__THE TASK__: Output the data verbatim, minus the images.

(Captioned web images)

== Segment start ==

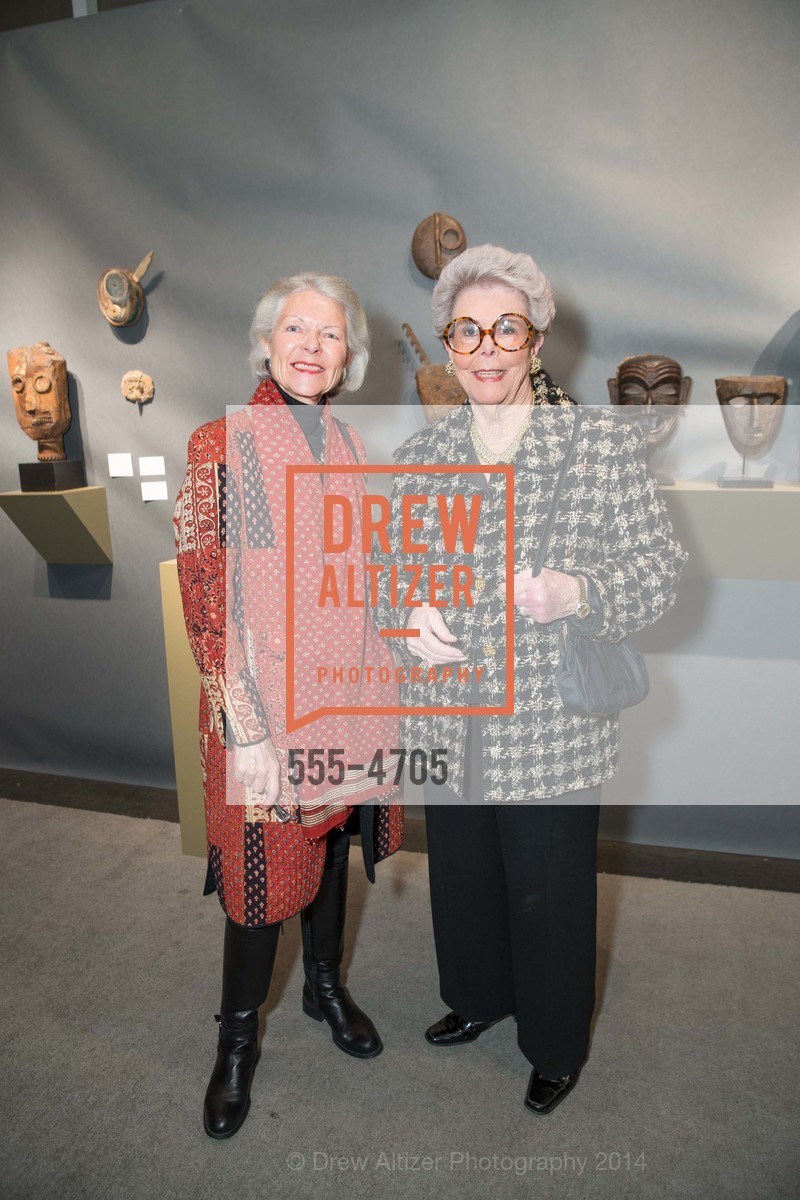 Rica Lakamp, Gloria Getty, San Francisco Tribal & Textile Arts Show Opening Preview Gala, US, February 6th, 2014, Photo #555-4705 Rica Lakamp, Gloria Getty, Photo #555-4705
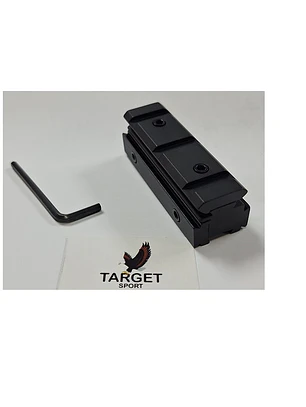 ADAPTADOR BASE RIEL DG061 DE WEAVER A PICATINY 11/22MM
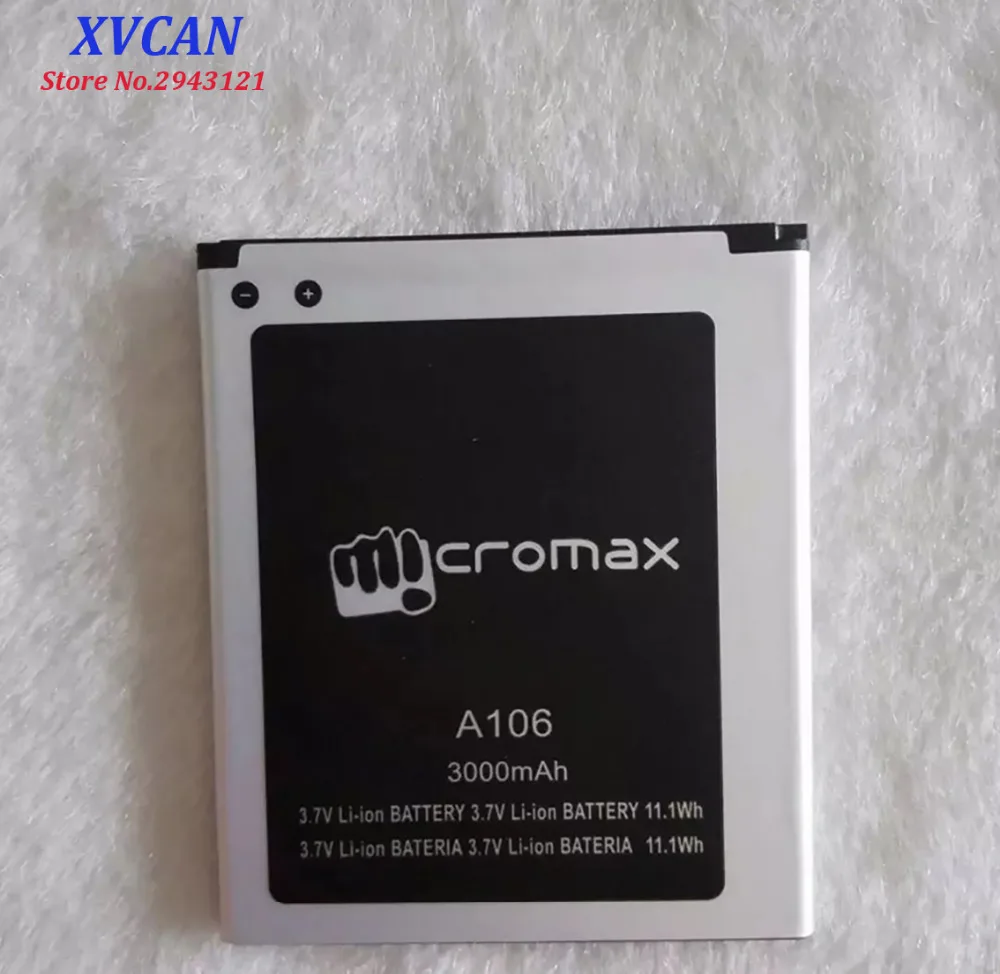 Высокое качество оригинальный для Micromax A106 мобильный телефон литиевая батарея 3 7 V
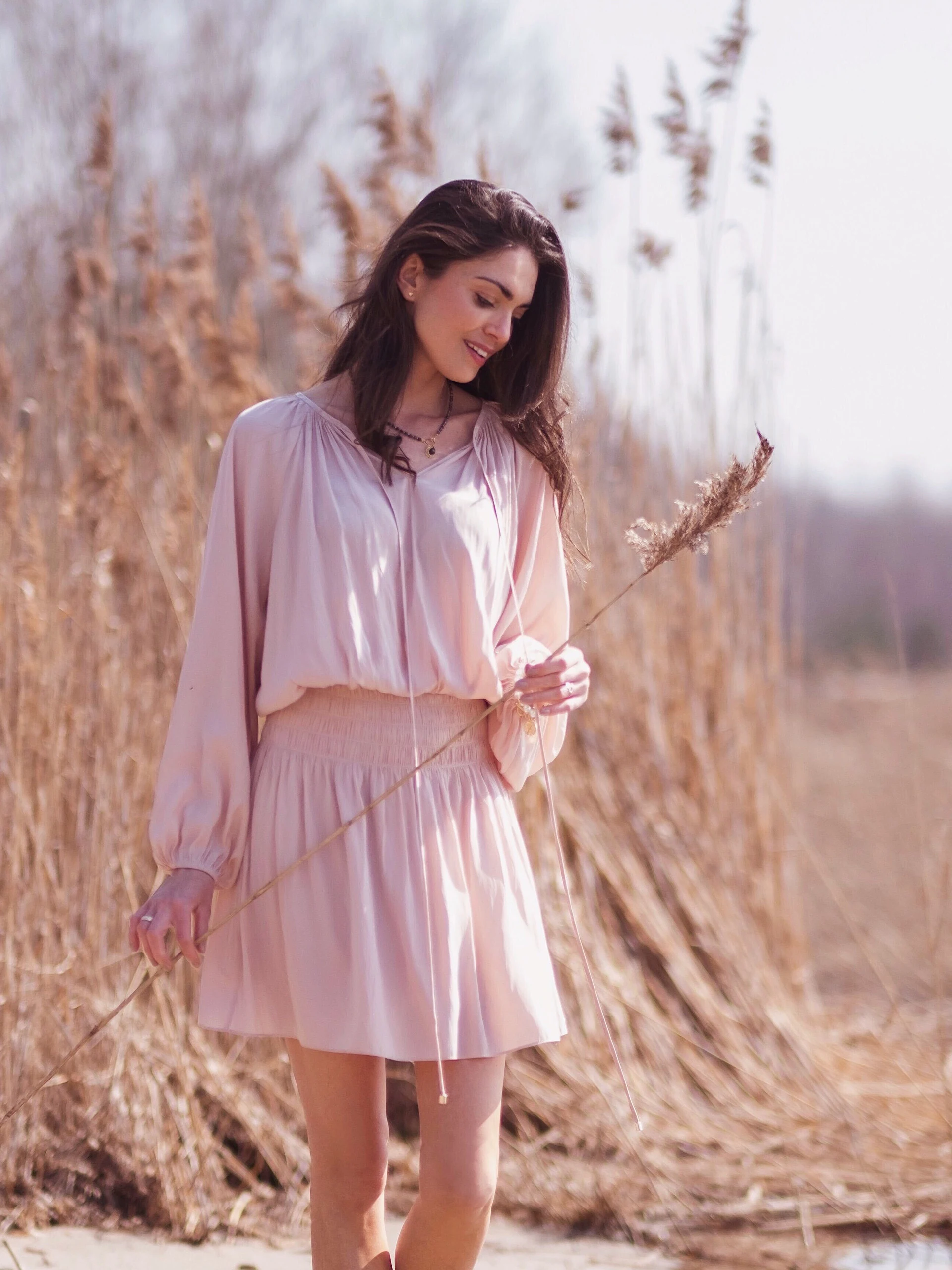 PINK SHORT DRESS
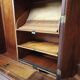 English Art Deco Light Burr Walnut Compactom Gentleman's Wardrobe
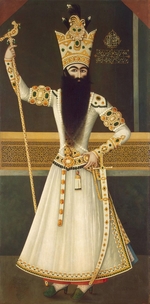 Mihr Ali - Porträt von Fath Ali Shah (1797-1834)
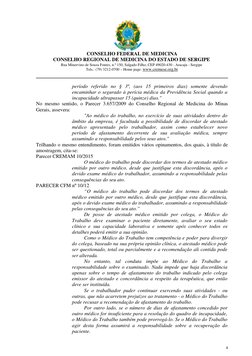 CONSELHO FEDERAL DE MEDICINA
CONSELHO REGIONAL DE MEDICINA DO ESTADO DE SERGIPE 
Rua Minervino de Souza Fontes, n.º 150, Salg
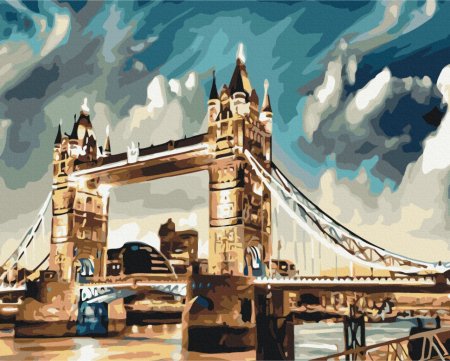 BRUSHME spalvinimo pagal skaičius rinkinys London in the clouds, BS52223 BS52223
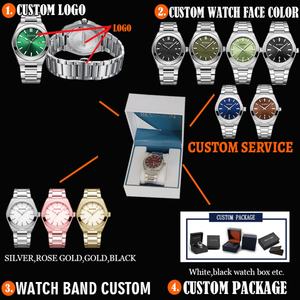 Reloj de Pulsera de Diseño para Hombre, Reloj de Cuarzo con Movimiento Japonés, Resistente al Agua 5 ATM, Personalización de Logotipo para Empresas, Relojes Coloridos - Product Image 4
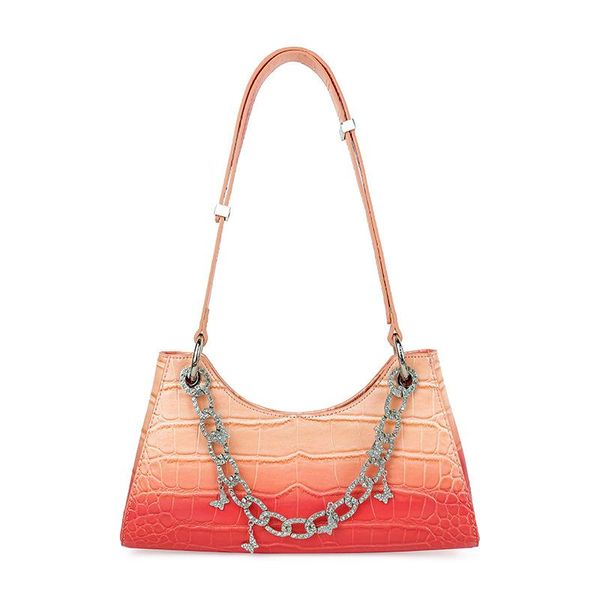 Borsa a tracolla di design Borse a tracolla da donna Borse a forma di rana Borsa a catena di moda a colori a contrasto di tendenza Borsa a tracolla portatile semplice e versatile 2 colori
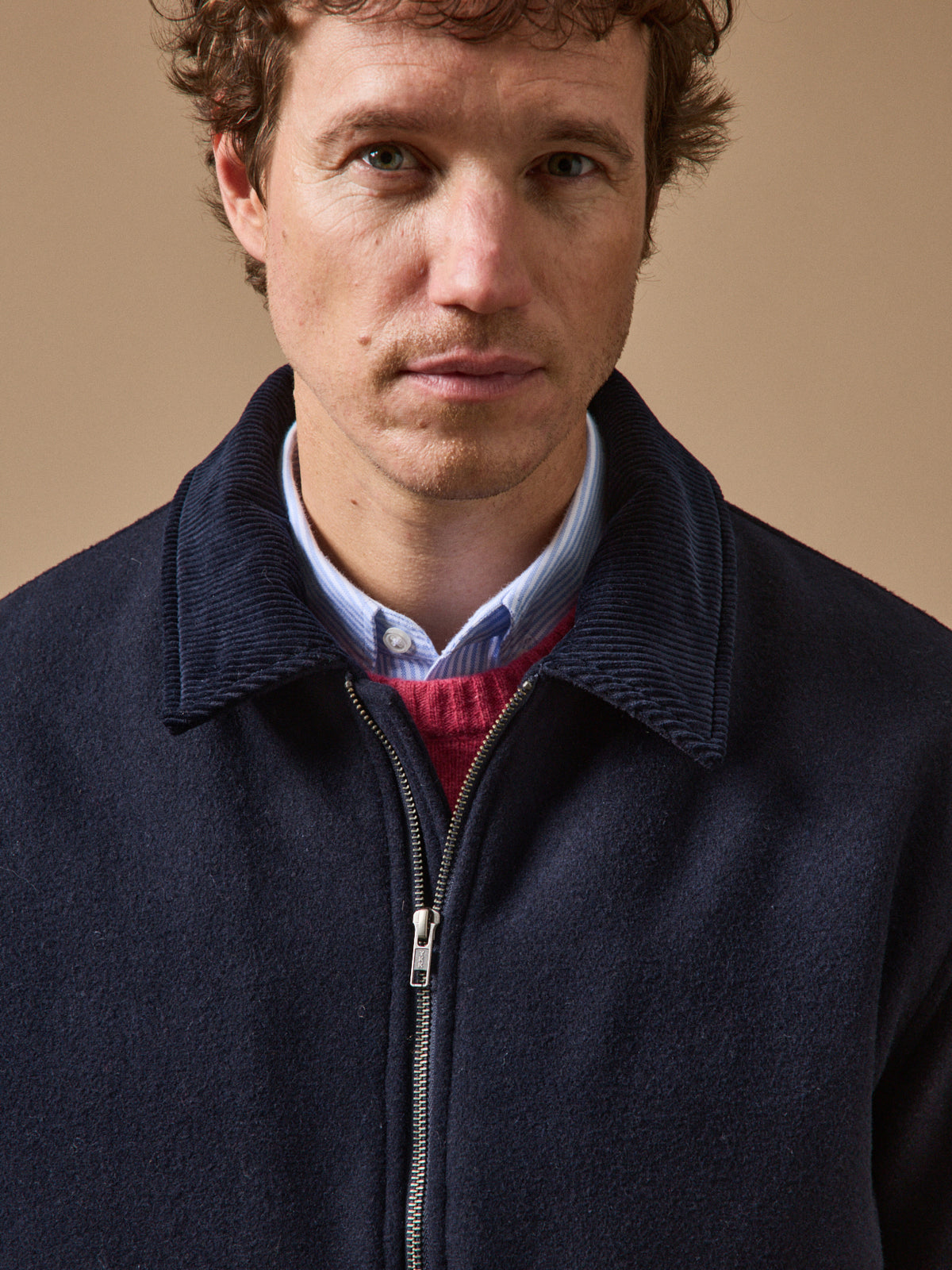 Blouson aviateur lainage chaud homme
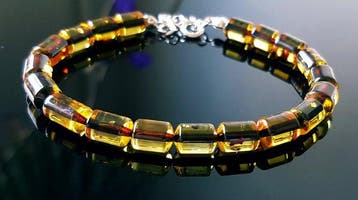 Amber Natuurlijke Baltisch amber armband - cilindervormige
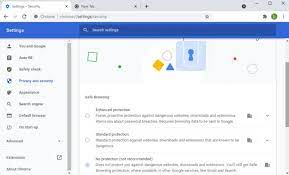 disable safe browsing in chrome using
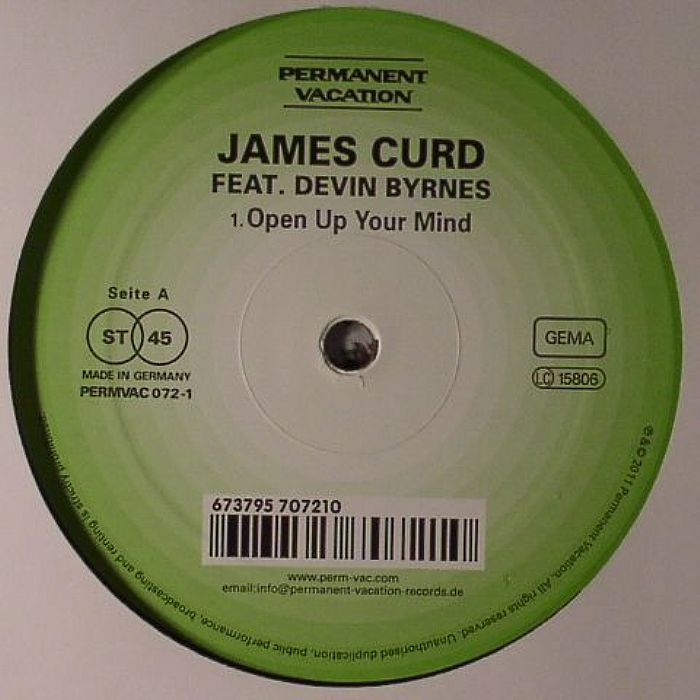 CURD, James feat DEVIN BYRNES - Open Up Your Mind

== Segment end ==

__SOLUTION__:
 Rica Lakamp, Gloria Getty, San Francisco Tribal & Textile Arts Show Opening Preview Gala, US, February 6th, 2014, Photo #555-4705 Rica Lakamp, Gloria Getty, Photo #555-4705
 ADAPTADOR BASE RIEL DG061 DE WEAVER A PICATINY 11/22MM
 Высокое качество оригинальный для Micromax A106 мобильный телефон литиевая батарея 3 7 V
 PINK SHORT DRESS
 English Art Deco Light Burr Walnut Compactom Gentleman's Wardrobe
 Mihr Ali - Porträt von Fath Ali Shah (1797-1834)
 CONSELHO FEDERAL DE MEDICINA
CONSELHO REGIONAL DE MEDICINA DO ESTADO DE SERGIPE 
Rua Minervino de Souza Fontes, n.º 150, Salg
 BRUSHME spalvinimo pagal skaičius rinkinys London in the clouds, BS52223 BS52223
 Reloj de Pulsera de Diseño para Hombre, Reloj de Cuarzo con Movimiento Japonés, Resistente al Agua 5 ATM, Personalización de Logotipo para Empresas, Relojes Coloridos - Product Image 4
 Borsa a tracolla di design Borse a tracolla da donna Borse a forma di rana Borsa a catena di moda a colori a contrasto di tendenza Borsa a tracolla portatile semplice e versatile 2 colori
 Blouson aviateur lainage chaud homme
 Amber Natuurlijke Baltisch amber armband - cilindervormige
 disable safe browsing in chrome using
 CURD, James feat DEVIN BYRNES - Open Up Your Mind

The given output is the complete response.